• _Aim of the exercise_: Which lines of the entries below run from the one holding "中美协魏鸿老师作品欣赏" to the one holding "Veg seekh kabab", inclusive? Set down exactly those lines and no others.

##### Input #####

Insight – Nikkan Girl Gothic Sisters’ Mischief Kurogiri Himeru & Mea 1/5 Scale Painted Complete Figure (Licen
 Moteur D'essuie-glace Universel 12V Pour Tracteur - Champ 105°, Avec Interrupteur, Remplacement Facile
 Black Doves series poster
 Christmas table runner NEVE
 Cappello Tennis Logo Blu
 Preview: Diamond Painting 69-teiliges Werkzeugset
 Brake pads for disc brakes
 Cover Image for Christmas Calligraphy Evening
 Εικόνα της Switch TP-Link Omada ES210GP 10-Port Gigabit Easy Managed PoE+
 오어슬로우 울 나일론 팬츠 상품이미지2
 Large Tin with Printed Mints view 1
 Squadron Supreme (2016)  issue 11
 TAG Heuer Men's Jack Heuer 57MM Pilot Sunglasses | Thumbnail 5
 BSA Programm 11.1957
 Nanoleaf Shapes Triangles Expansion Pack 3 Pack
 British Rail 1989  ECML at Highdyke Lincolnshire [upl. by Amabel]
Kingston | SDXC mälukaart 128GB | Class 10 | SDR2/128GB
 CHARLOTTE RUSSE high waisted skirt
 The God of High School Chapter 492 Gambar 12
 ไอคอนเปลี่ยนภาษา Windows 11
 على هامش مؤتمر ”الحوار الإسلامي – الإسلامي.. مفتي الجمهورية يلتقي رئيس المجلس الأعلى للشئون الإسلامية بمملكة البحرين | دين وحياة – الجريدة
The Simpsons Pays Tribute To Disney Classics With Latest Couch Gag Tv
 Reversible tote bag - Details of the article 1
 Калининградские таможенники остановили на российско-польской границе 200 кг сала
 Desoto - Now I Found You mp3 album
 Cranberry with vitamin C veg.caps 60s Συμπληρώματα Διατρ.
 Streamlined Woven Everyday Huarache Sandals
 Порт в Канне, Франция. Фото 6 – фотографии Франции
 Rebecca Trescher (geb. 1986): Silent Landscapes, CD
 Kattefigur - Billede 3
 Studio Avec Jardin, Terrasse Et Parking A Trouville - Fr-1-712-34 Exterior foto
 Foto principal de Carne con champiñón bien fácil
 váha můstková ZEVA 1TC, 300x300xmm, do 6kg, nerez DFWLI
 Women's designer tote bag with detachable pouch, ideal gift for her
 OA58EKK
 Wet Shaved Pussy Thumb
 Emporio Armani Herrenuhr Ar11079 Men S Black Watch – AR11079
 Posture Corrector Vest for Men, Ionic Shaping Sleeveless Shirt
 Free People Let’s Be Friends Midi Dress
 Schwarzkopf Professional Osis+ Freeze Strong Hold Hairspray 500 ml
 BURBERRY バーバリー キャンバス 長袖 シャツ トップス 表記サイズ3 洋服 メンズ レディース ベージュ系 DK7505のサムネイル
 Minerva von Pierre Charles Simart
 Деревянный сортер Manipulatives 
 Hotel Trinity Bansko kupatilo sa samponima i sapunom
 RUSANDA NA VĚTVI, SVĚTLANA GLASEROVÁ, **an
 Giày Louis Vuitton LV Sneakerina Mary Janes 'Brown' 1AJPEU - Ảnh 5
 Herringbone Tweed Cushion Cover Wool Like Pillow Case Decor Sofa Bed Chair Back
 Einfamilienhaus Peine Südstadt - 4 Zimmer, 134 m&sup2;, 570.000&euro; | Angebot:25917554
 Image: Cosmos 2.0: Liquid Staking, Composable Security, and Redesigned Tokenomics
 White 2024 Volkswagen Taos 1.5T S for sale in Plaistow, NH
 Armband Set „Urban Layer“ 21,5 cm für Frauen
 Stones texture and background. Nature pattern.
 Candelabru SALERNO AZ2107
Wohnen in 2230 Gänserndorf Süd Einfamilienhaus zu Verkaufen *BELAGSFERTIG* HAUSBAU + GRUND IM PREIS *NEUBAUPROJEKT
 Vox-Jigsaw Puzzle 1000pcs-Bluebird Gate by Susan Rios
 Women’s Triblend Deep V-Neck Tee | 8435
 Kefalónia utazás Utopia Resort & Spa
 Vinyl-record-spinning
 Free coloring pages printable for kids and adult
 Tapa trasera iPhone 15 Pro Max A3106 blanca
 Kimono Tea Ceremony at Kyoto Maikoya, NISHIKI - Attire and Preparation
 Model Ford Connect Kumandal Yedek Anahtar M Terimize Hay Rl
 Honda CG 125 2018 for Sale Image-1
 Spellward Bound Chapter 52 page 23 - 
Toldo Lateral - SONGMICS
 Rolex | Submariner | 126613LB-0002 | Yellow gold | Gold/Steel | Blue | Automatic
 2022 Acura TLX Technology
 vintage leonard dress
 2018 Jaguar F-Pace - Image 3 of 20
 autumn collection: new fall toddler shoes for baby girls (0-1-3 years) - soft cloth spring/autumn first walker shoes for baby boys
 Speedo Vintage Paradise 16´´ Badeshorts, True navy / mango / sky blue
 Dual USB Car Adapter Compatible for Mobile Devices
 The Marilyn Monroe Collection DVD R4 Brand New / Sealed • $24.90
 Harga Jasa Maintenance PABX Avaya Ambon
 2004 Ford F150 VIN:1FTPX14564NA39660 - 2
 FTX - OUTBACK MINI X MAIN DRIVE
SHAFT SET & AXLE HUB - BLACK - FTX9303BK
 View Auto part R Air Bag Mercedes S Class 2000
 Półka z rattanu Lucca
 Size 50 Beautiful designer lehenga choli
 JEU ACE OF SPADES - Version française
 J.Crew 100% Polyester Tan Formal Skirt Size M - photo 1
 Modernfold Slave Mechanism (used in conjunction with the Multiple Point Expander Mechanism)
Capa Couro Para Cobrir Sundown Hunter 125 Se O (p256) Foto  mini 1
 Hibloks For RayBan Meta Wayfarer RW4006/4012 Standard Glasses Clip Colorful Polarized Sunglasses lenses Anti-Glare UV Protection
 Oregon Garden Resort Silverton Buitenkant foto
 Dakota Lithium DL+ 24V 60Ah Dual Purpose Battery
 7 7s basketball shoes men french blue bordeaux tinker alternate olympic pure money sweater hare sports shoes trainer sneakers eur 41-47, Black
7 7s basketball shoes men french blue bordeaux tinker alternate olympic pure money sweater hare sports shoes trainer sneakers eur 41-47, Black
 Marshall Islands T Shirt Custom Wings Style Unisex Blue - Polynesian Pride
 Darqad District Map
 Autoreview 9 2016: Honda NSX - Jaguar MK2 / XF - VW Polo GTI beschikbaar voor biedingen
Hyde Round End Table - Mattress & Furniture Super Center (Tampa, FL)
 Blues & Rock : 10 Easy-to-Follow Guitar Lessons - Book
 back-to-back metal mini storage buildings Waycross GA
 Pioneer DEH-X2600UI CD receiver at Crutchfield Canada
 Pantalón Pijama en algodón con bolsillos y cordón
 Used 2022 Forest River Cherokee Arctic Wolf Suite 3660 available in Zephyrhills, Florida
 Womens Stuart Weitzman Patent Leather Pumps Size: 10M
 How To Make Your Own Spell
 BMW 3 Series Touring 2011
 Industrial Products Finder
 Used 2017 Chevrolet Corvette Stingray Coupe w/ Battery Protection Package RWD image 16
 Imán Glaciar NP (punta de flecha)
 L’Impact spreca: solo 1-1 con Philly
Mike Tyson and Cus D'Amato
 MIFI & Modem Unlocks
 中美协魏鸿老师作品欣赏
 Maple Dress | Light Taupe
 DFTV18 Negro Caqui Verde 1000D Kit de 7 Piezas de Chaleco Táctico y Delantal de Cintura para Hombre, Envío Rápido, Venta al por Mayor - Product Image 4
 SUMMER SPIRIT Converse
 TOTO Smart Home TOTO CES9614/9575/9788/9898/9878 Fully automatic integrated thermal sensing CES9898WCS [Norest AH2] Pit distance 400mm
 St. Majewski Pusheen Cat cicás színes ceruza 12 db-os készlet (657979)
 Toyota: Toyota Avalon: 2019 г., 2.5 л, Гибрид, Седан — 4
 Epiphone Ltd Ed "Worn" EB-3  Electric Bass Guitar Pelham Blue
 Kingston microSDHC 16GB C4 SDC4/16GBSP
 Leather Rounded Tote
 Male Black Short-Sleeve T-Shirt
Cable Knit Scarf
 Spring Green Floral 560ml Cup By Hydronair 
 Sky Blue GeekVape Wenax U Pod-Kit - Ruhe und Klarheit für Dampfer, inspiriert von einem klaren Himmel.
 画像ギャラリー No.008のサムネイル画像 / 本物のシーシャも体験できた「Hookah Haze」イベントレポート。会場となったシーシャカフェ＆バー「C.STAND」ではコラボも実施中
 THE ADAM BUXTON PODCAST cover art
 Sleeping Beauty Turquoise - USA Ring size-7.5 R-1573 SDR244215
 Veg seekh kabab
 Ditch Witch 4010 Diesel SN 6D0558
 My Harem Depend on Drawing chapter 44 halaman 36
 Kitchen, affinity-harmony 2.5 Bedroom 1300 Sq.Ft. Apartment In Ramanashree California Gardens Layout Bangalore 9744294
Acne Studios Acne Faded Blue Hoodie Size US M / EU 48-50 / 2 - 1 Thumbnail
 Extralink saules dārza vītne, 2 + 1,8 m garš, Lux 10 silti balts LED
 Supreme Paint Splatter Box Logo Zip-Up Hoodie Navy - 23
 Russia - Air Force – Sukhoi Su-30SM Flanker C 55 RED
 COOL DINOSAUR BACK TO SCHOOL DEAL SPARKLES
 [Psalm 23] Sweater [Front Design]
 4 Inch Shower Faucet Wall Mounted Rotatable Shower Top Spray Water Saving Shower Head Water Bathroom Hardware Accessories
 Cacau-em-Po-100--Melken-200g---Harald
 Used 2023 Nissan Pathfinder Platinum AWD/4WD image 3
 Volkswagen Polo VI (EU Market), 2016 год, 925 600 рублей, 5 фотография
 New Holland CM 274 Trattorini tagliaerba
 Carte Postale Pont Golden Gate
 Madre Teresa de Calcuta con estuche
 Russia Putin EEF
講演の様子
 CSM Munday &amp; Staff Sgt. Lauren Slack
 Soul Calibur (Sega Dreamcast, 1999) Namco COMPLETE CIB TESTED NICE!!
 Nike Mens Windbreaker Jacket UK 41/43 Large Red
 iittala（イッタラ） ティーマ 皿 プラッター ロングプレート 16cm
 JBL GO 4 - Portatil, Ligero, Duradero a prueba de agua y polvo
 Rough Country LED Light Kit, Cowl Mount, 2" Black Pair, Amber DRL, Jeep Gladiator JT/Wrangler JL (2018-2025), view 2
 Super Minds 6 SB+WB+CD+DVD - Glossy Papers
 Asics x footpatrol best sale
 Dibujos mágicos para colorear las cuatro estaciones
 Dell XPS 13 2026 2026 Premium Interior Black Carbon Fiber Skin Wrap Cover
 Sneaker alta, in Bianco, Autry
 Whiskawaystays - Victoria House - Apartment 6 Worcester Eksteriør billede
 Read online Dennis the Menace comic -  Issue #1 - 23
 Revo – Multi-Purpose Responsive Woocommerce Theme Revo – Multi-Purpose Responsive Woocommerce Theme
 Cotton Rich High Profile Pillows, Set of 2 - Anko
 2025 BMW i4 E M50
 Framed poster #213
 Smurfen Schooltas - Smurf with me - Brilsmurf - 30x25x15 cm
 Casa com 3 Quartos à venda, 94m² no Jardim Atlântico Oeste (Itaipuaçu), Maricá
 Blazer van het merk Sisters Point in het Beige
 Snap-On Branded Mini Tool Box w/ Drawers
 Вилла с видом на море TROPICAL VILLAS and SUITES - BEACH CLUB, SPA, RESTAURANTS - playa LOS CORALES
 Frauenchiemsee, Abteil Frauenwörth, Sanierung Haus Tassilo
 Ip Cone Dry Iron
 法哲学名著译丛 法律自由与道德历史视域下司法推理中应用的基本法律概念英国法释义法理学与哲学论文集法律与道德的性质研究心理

#####

• _Reply to the task_:
 中美协魏鸿老师作品欣赏
 Maple Dress | Light Taupe
 DFTV18 Negro Caqui Verde 1000D Kit de 7 Piezas de Chaleco Táctico y Delantal de Cintura para Hombre, Envío Rápido, Venta al por Mayor - Product Image 4
 SUMMER SPIRIT Converse
 TOTO Smart Home TOTO CES9614/9575/9788/9898/9878 Fully automatic integrated thermal sensing CES9898WCS [Norest AH2] Pit distance 400mm
 St. Majewski Pusheen Cat cicás színes ceruza 12 db-os készlet (657979)
 Toyota: Toyota Avalon: 2019 г., 2.5 л, Гибрид, Седан — 4
 Epiphone Ltd Ed "Worn" EB-3  Electric Bass Guitar Pelham Blue
 Kingston microSDHC 16GB C4 SDC4/16GBSP
 Leather Rounded Tote
 Male Black Short-Sleeve T-Shirt
Cable Knit Scarf
 Spring Green Floral 560ml Cup By Hydronair 
 Sky Blue GeekVape Wenax U Pod-Kit - Ruhe und Klarheit für Dampfer, inspiriert von einem klaren Himmel.
 画像ギャラリー No.008のサムネイル画像 / 本物のシーシャも体験できた「Hookah Haze」イベントレポート。会場となったシーシャカフェ＆バー「C.STAND」ではコラボも実施中
 THE ADAM BUXTON PODCAST cover art
 Sleeping Beauty Turquoise - USA Ring size-7.5 R-1573 SDR244215
 Veg seekh kabab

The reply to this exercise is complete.